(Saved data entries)
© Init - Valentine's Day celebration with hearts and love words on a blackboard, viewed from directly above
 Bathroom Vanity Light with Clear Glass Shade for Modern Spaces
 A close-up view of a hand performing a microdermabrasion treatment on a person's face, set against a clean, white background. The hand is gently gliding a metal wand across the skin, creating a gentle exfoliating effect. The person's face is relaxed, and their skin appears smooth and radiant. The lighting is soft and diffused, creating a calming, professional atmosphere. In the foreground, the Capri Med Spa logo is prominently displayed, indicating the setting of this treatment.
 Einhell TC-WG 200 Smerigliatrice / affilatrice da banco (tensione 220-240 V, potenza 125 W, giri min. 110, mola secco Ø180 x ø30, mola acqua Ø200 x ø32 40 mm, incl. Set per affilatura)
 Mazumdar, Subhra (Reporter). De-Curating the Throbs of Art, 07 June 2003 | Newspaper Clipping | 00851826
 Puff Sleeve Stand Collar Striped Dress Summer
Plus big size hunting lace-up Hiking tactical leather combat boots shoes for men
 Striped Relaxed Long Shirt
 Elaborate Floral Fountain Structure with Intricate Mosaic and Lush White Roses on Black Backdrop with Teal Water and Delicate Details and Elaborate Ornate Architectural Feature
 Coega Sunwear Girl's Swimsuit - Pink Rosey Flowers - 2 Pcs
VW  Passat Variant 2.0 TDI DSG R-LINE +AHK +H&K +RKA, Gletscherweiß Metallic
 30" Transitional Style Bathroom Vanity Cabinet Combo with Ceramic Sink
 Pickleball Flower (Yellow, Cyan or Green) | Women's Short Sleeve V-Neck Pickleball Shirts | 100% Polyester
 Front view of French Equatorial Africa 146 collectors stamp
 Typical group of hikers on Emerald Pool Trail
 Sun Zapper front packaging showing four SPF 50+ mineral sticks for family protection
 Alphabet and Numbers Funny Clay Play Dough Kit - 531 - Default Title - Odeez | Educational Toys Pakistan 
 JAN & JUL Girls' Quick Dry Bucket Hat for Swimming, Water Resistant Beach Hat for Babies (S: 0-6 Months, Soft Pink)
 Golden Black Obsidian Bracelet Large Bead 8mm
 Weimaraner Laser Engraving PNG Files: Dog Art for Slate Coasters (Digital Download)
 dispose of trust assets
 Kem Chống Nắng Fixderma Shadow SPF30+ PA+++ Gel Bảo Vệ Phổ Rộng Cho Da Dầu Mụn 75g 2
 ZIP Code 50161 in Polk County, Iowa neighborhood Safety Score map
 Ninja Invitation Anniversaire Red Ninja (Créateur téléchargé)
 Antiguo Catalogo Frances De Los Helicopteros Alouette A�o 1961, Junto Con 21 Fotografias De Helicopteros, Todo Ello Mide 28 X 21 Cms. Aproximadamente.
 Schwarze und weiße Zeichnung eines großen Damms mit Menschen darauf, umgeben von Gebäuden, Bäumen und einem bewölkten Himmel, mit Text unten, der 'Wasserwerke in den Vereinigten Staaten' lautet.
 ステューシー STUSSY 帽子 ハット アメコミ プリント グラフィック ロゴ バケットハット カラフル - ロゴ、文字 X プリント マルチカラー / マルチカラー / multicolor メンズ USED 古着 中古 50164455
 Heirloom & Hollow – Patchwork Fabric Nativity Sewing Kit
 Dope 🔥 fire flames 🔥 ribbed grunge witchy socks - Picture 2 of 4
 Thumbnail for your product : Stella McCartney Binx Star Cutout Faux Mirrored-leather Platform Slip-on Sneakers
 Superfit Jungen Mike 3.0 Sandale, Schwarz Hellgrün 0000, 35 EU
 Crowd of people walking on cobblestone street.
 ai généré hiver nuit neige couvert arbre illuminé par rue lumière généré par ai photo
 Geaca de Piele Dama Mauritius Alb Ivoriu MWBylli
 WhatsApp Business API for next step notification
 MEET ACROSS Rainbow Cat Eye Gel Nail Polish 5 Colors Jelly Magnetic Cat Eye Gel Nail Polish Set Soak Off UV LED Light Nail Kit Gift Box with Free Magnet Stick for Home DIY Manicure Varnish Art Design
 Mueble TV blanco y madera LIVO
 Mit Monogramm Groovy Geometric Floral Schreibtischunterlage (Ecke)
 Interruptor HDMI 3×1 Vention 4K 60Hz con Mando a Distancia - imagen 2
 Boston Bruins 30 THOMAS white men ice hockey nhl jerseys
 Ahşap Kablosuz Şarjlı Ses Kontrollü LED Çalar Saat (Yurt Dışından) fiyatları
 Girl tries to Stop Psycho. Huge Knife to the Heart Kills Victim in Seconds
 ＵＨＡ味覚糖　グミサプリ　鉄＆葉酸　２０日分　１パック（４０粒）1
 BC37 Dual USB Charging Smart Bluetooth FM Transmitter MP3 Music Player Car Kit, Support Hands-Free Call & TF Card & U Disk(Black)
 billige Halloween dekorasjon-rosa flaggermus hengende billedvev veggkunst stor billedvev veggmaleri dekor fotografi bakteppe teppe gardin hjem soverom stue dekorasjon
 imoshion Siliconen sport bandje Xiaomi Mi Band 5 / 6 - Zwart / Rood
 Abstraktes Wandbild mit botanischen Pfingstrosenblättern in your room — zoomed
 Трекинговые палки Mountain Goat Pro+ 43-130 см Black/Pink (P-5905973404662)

**ABOUT THIS EXERCISE**
Write down again the exact lines running from the beginning of the data to the line containing "JAN & JUL Girls'", with both ends included.

**FINAL ANSWER**
© Init - Valentine's Day celebration with hearts and love words on a blackboard, viewed from directly above
 Bathroom Vanity Light with Clear Glass Shade for Modern Spaces
 A close-up view of a hand performing a microdermabrasion treatment on a person's face, set against a clean, white background. The hand is gently gliding a metal wand across the skin, creating a gentle exfoliating effect. The person's face is relaxed, and their skin appears smooth and radiant. The lighting is soft and diffused, creating a calming, professional atmosphere. In the foreground, the Capri Med Spa logo is prominently displayed, indicating the setting of this treatment.
 Einhell TC-WG 200 Smerigliatrice / affilatrice da banco (tensione 220-240 V, potenza 125 W, giri min. 110, mola secco Ø180 x ø30, mola acqua Ø200 x ø32 40 mm, incl. Set per affilatura)
 Mazumdar, Subhra (Reporter). De-Curating the Throbs of Art, 07 June 2003 | Newspaper Clipping | 00851826
 Puff Sleeve Stand Collar Striped Dress Summer
Plus big size hunting lace-up Hiking tactical leather combat boots shoes for men
 Striped Relaxed Long Shirt
 Elaborate Floral Fountain Structure with Intricate Mosaic and Lush White Roses on Black Backdrop with Teal Water and Delicate Details and Elaborate Ornate Architectural Feature
 Coega Sunwear Girl's Swimsuit - Pink Rosey Flowers - 2 Pcs
VW  Passat Variant 2.0 TDI DSG R-LINE +AHK +H&K +RKA, Gletscherweiß Metallic
 30" Transitional Style Bathroom Vanity Cabinet Combo with Ceramic Sink
 Pickleball Flower (Yellow, Cyan or Green) | Women's Short Sleeve V-Neck Pickleball Shirts | 100% Polyester
 Front view of French Equatorial Africa 146 collectors stamp
 Typical group of hikers on Emerald Pool Trail
 Sun Zapper front packaging showing four SPF 50+ mineral sticks for family protection
 Alphabet and Numbers Funny Clay Play Dough Kit - 531 - Default Title - Odeez | Educational Toys Pakistan 
 JAN & JUL Girls' Quick Dry Bucket Hat for Swimming, Water Resistant Beach Hat for Babies (S: 0-6 Months, Soft Pink)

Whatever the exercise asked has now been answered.